Home | About | Sematext search-lucene.com search-hadoop.com
 Search Hadoop and all its subprojects:

Switch to Threaded View
Flume >> mail # user >> Failover Processor + Load Balanced Processor?

Copy link to this message
Re: Failover Processor + Load Balanced Processor?
I'm thinking of working on this(adding backoff semantics to the load
balancing processor)

The ticket FLUME-1488 however refers to the load balancing rpc client(or
is it just poorly worded/unclear?). If it is in fact a separate ticket
I'll file one for this

Anyway, I was  interested in hearing thoughts on approach.

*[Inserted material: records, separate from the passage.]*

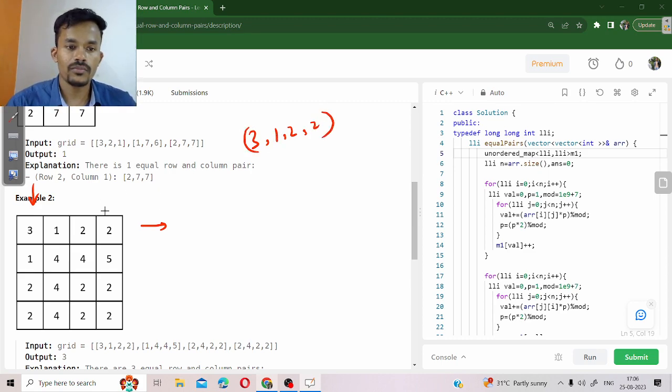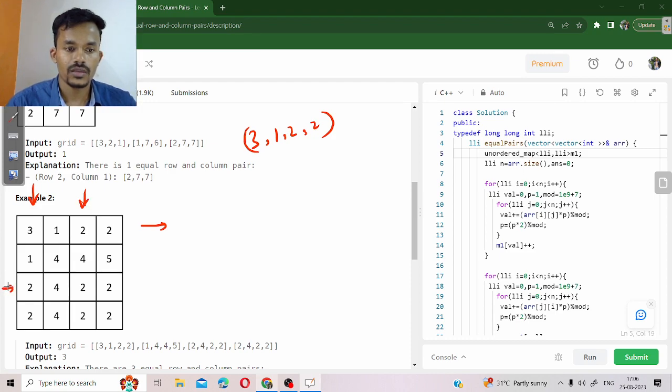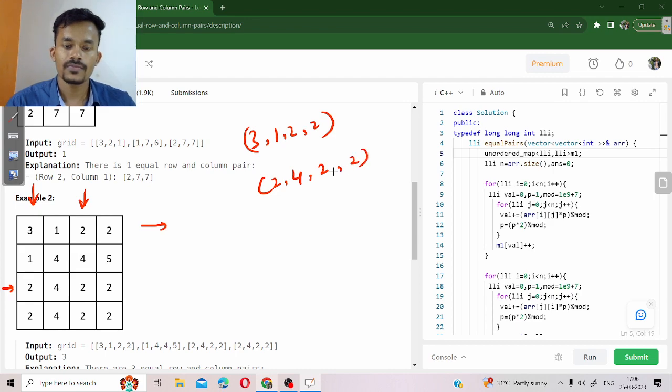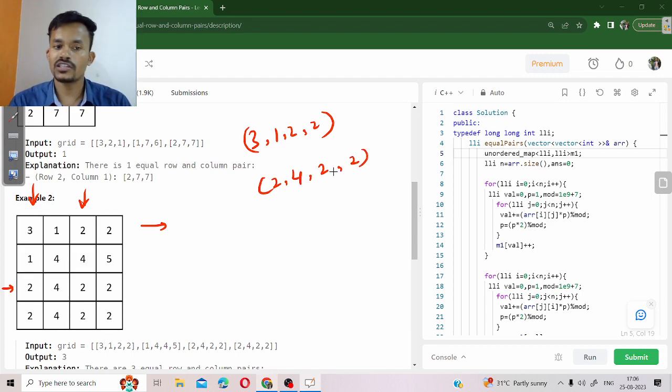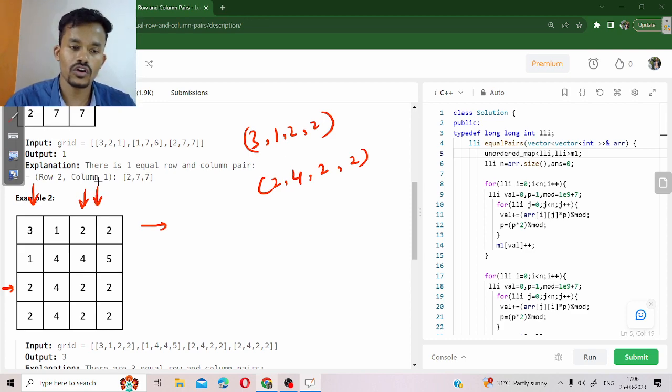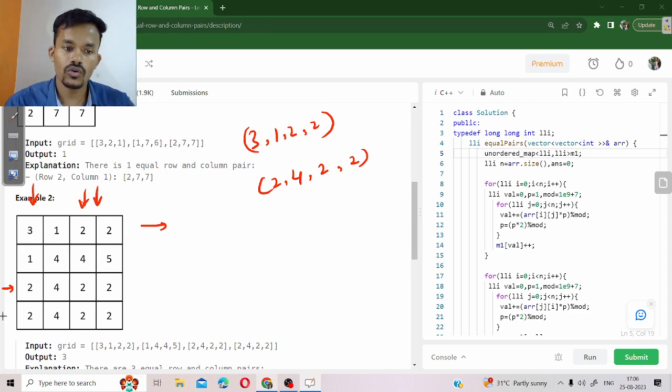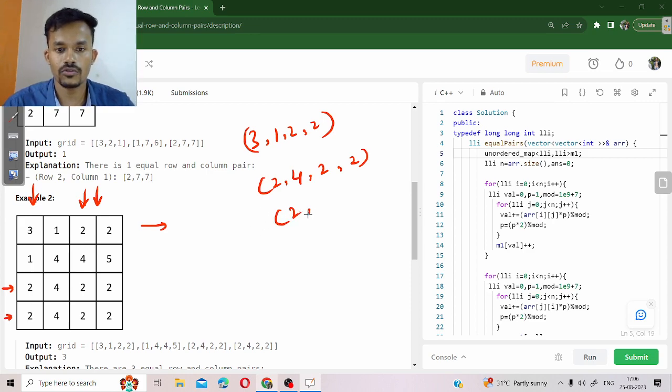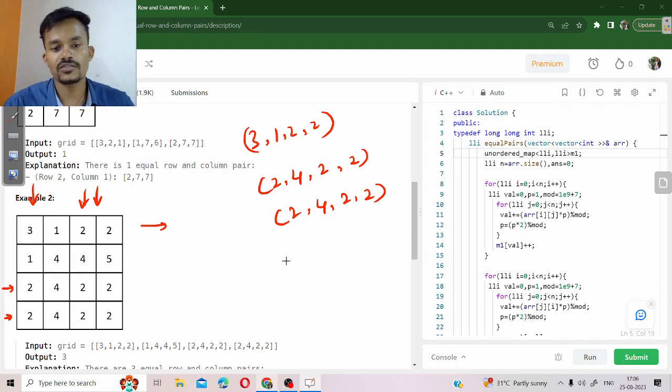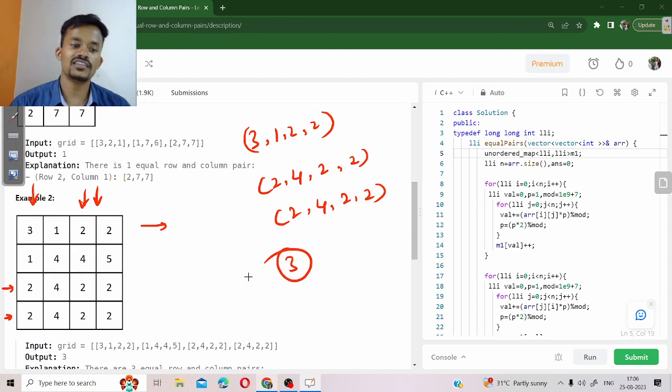Similarly, column number 2 and row number 2, both of them are equal to 2, 4, 2, 2. So the number of pairs in this case is equal to 3. Our answer is 3 in this case.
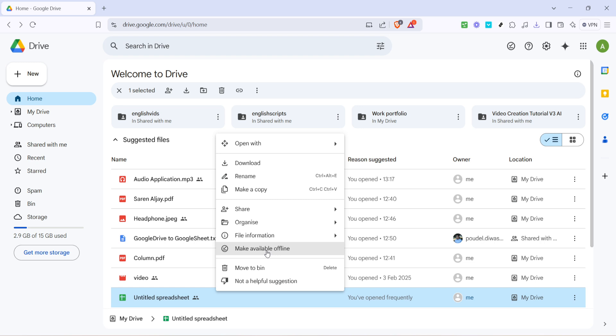By doing so, Google Drive will start preparing your file for offline access. You'll notice a small notification or an icon change next to the file, confirming that the file is now available offline.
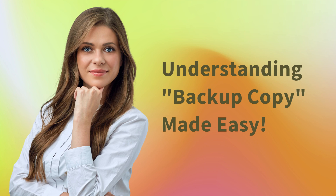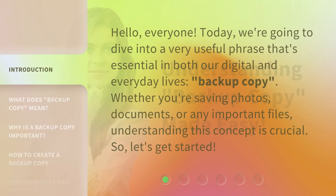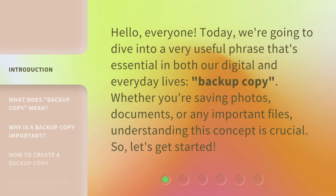Hello, everyone. Today, we're going to dive into a very useful phrase that's essential in both our digital and everyday lives: backup copy. Whether you're saving photos, documents, or any important files, understanding this concept is crucial. So, let's get started.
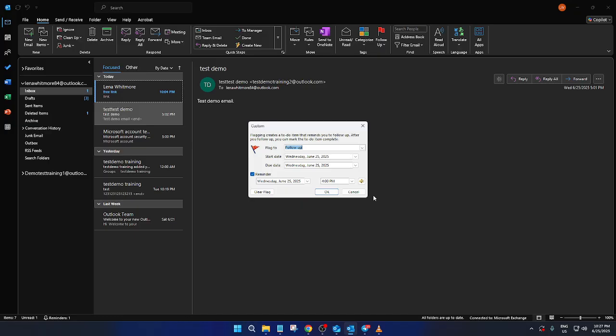And that's all there is to it. You've successfully learned how to send a reminder email using the classic Outlook. While this approach may seem a bit nostalgic, it's an effective way to keep your email communication organized and prompt. Thanks for tuning in. And I hope you found this guide helpful. Happy emailing.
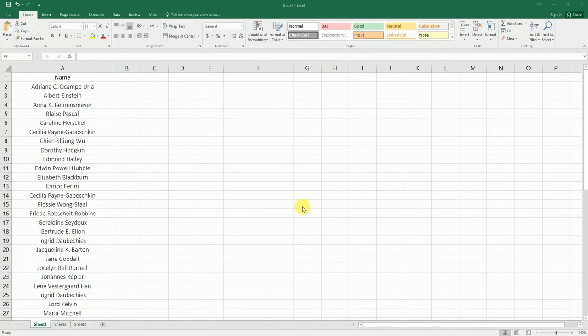Hey guys, welcome back to my channel Lemma Tutorial. In this particular video, I am teaching you how to identify duplicate values and also copy the unique records to a different column.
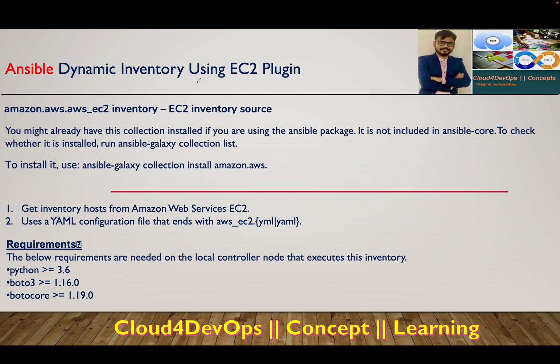Hi everyone, welcome to the thirteenth lecture of the Ansible series. In this lecture, we will understand how to use dynamic inventory using EC2 plugin.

I'd have
liked to do it within the framework of the LoadBalancingSinkProcessor by
adding a new Selector, however as it is now, it the processor provides
no feedback to the selectors about whether sinks are working or not, so
this can't work.

This leaves two choices: write a new SinkProcessor or modify the
SinkSelector interface to give it a couple of callbacks that the
processor calls to inform the selector of trouble. This shouldn't really
be a problem even if people have written their own selectors so long as
they are extending AbstractSinkSelector which can stub the callbacks.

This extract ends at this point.